Anniston, Alabama: The Town Monsanto CONTAMINATED for 40 Years
Anniston, Alabama
33.6598 N, 85.8316 W
Anniston, Alabama is not abandoned. It is a working American city that spent decades living beside one of the most infamous chemical contamination stories in the country.
For years, PCBs manufactured at the local plant flowed into ditches, creeks, floodplains, landfills, and neighborhoods. Residents on the west side of town lived with that contamination long before most of them were ever told what had happened. The core fact is simple: PCBs were produced in Anniston from 1929 until 1971, and the consequences still have not fully ended.
How Anniston Became a PCB City
PCB production in Anniston began in 1929 under Swann Chemical. Monsanto bought the operation in 1935 and turned the plant into one of only two PCB manufacturing sites in the United States.
The chemicals were sold under the Aroclor brand and used in transformers, capacitors, hydraulic systems, and other industrial applications because they were stable and resistant to heat. Those same traits made them a long-term environmental problem. PCBs do not break down quickly. They persist in sediment, soil, wildlife, and human bodies.

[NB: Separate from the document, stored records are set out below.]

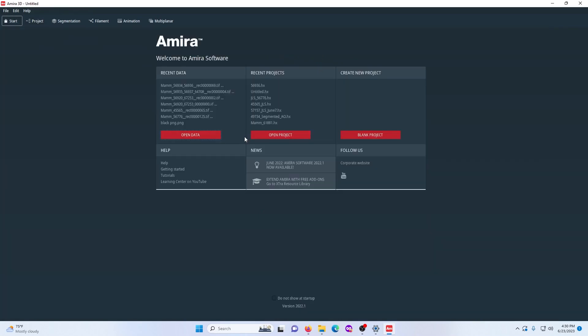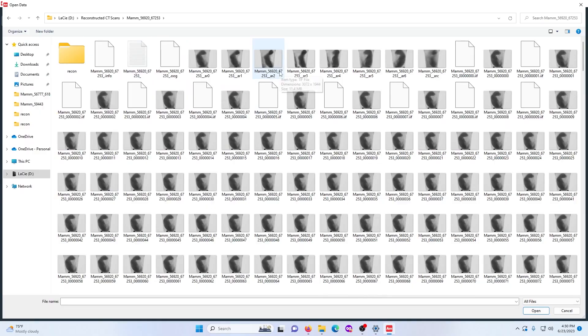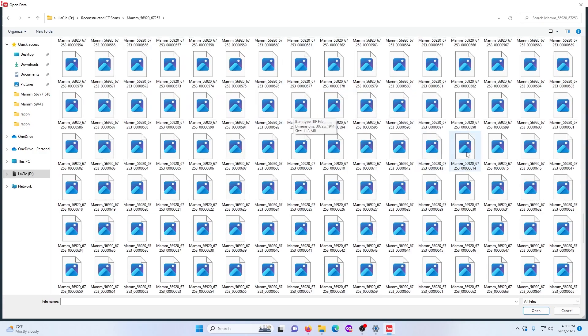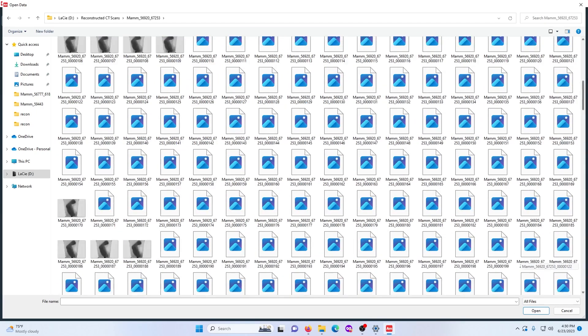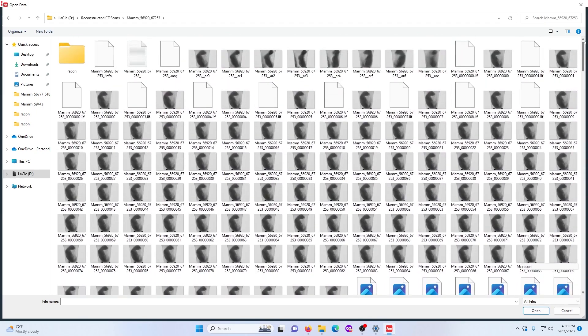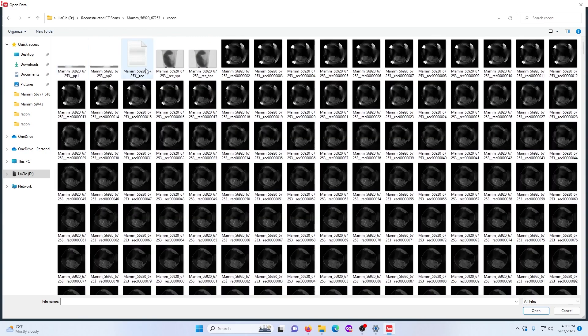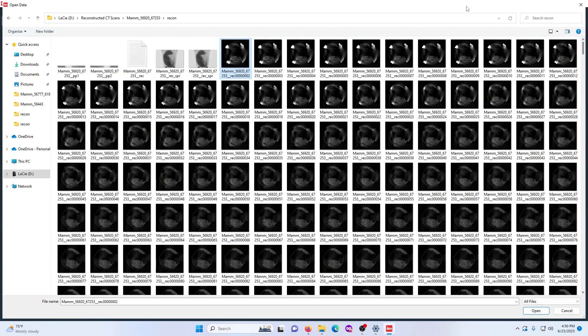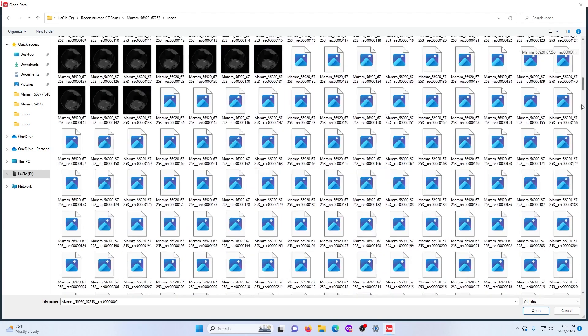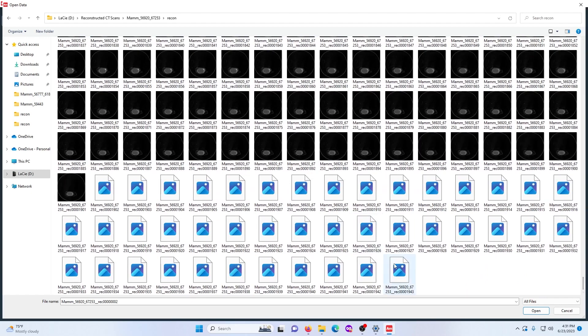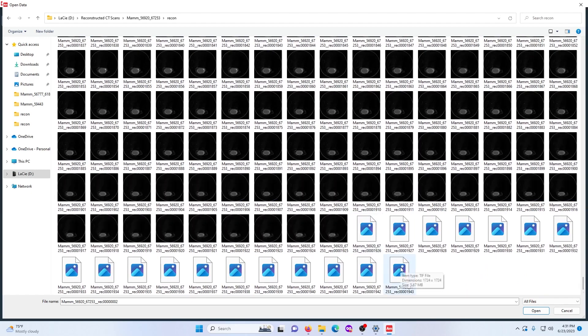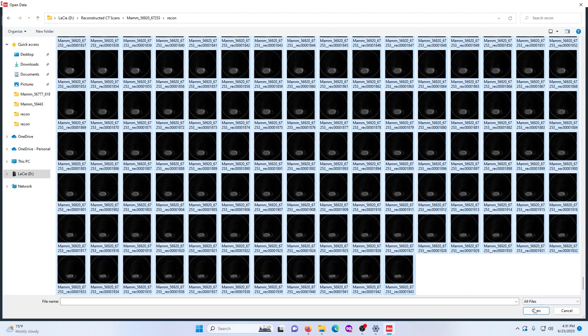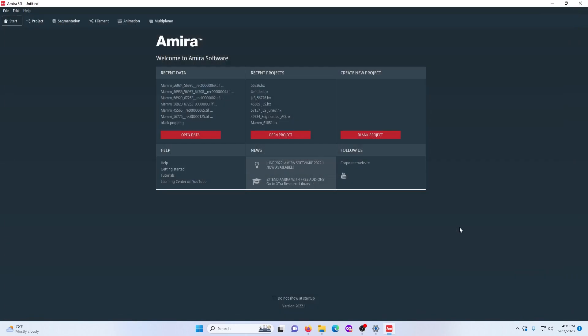The first thing you have to do when segmenting a CT scan is actually open the data. So here's the output of a CT scan. This is basically what you get, at least for the machine that I use, which is a mini CT scanner. You want to make sure that you use the reconstructed version of the CT scan. You want to select the first black picture and then all the way down to the very bottom. Hold shift and then click on this one and that'll select all of them and then you just open it and it'll convert this to a 3D model that you can then segment.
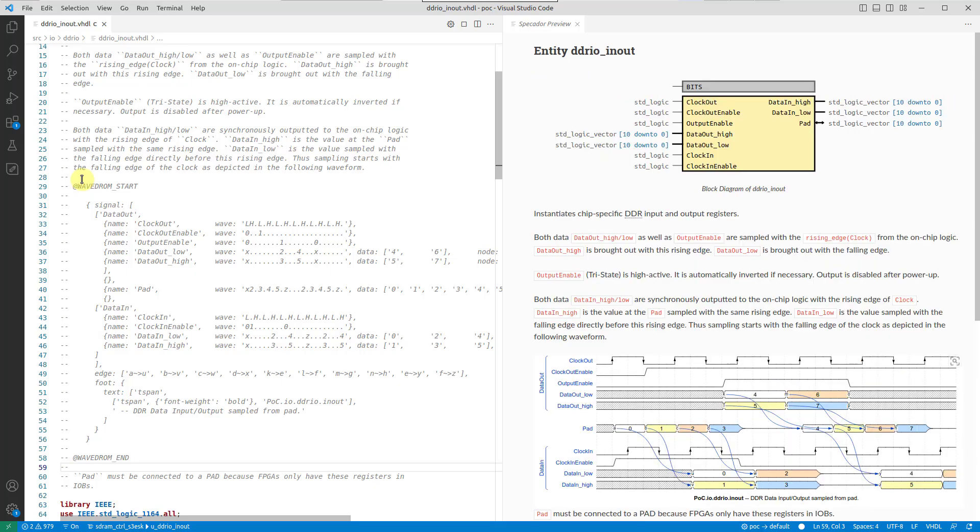By using DVT IDE and Specador, you can simplify and speed up the process of creating and maintaining documentation for your project.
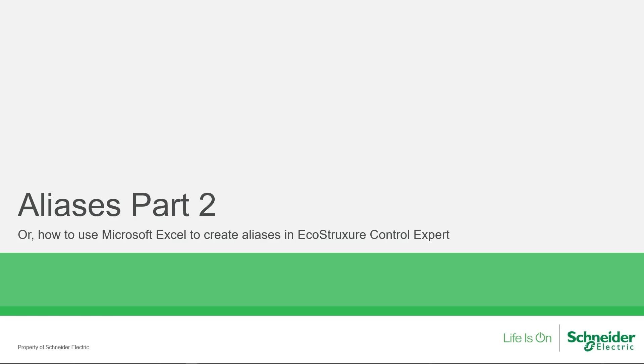In my first video, we used EcoStruxure Control Expert to create aliases for complex variables. Today, let's learn how to export those variables in a form that makes it easy to create aliases.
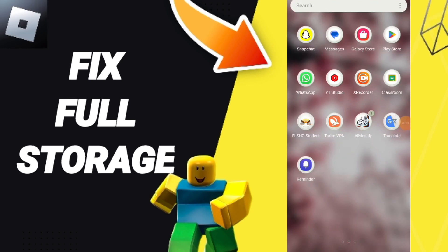Hello everyone! Today we'll talk about how to fix or how to solve the problem of false storage on Roblox.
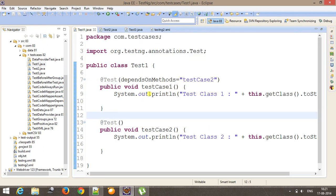So in this manner, you can create a fixed sequence of execution of test classes with the help of preserveOrder attribute. And if you want to fix the sequence of execution of test methods inside the class, either you can take the help of priority or dependsOn method attribute. So that's all for this video and thanks for watching.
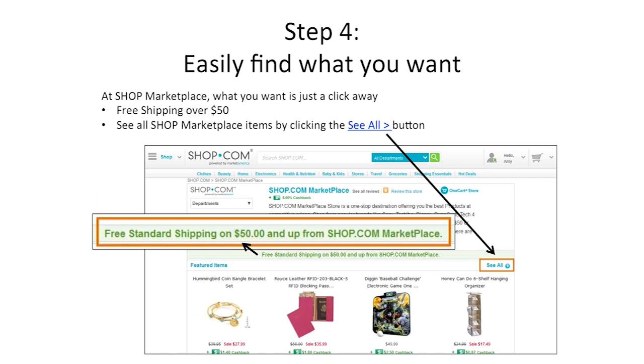Step 4, easily find what you're looking for. At Shop Marketplace, what you want is really just a click away. There's free shipping for orders over $50. The items available here generate higher cash back and higher IBV — if you're going to buy the same items somewhere else, you'd rather get paid more for doing it.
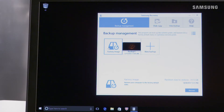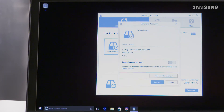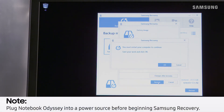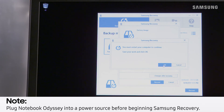Then click Factory Image, then click Recover, then click Recover again. To complete the factory reset, click OK, and you're all set. Now your Odyssey will reset.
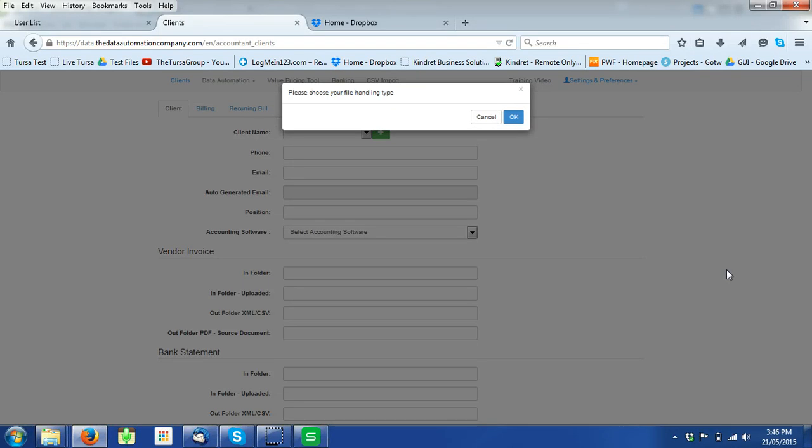When a user first logs into their account, a pop-up window asking for the file handling type shows up.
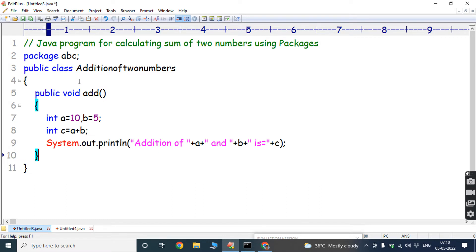So in package ABC, we have created one class, AdditionOfTwoNumbers. In that class, we are performing the addition operation between two numbers. A is 10 and B is 5. After performing the addition operation, the result is stored in variable C. Next, we print the C value.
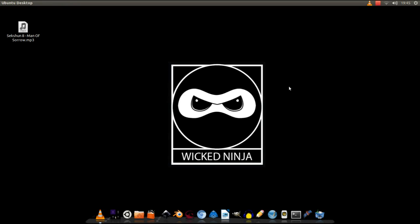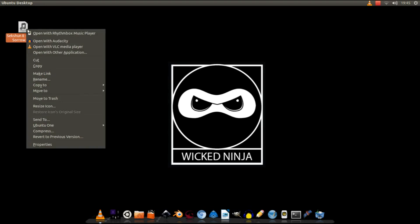Hey guys, got another wicked ninja tutorial for you. Today I'm going to be teaching you how to remove vocals from a song so it kind of becomes a karaoke track. I've got to be honest, it doesn't always work — it just depends on each individual song — but for a free karaoke track you can't complain. Today I'm going to be using 'Man of Sorrow' by Section Eight. Let's give it a bit of a listen.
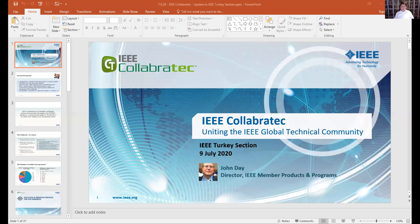I would like to welcome John one more time. I'm actually a member of Collaboratech and I've used it before, but I know there are always new features. Before we start, I would like to ask John if he can explain more about how academia can benefit from Collaboratech, because it was really useful. Also, as the IEEE Turkey side chair, maybe what Collaboratech can provide for the humanitarian activities of IEEE as well. Welcome John again.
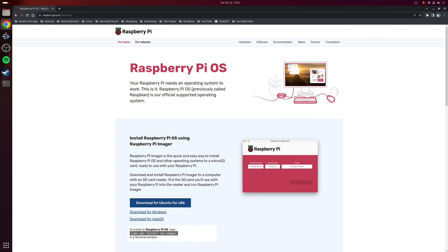Clicking the cog icon allows us to make some changes to the installation itself when it loads up. Most importantly we need to enable SSH here. I typically choose the option that says 'use password authentication' and then give it a username — for example 'pi' — and then a very secure password. At this point we can click save and then press the write button to begin the installation. Make a note of this username and password as that's what you'll be using when connecting via SSH.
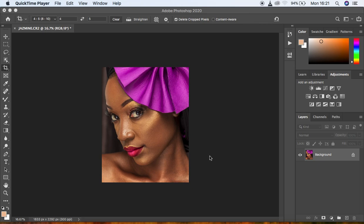Hello everyone, Ronix with another tutorial. Today I want to show you how to create your actions for skin retouching in Photoshop. In my usual tutorials I go through the very long process of creating every folder or layer from scratch, but this way you'll be able to create your own actions to speed up your skin retouching process. These actions are going to be the frequency separation actions and the dodging and burning actions.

According to the EPA, the vast majority of PCB contamination in the Anniston area came from operations at the former Monsanto plant. Waste moved off site through landfills, drainage paths, surface runoff, and contaminated sediment carried into Snow Creek and downstream waterways.
What Monsanto Knew
The public story in Anniston was not just about pollution. It was about concealment.
Internal company records later cited in investigations and lawsuits showed that Monsanto understood PCB contamination around the plant was serious decades before the full scope became public. Sampling in and around Snow Creek and Choccolocco Creek showed contamination in water, sediment, fish, and animals. Company documents also reflected concern about legal exposure and public reaction.
That matters because Anniston residents were not dealing with an accidental one-time spill. They were living inside a long industrial release pattern that overlapped with delayed warning, weak disclosure, and years of corporate damage control.
West Anniston Paid the Price
The contamination burden fell hardest on neighborhoods closest to the plant, especially in West Anniston. Soil, dust, creek sediment, and locally caught fish all became exposure pathways.
In November 1993, Alabama issued its first fish consumption advisory for parts of Choccolocco Creek after testing found high PCB contamination. By then, people had already spent years fishing, gardening, raising animals, and living with exposure they had not been clearly warned about.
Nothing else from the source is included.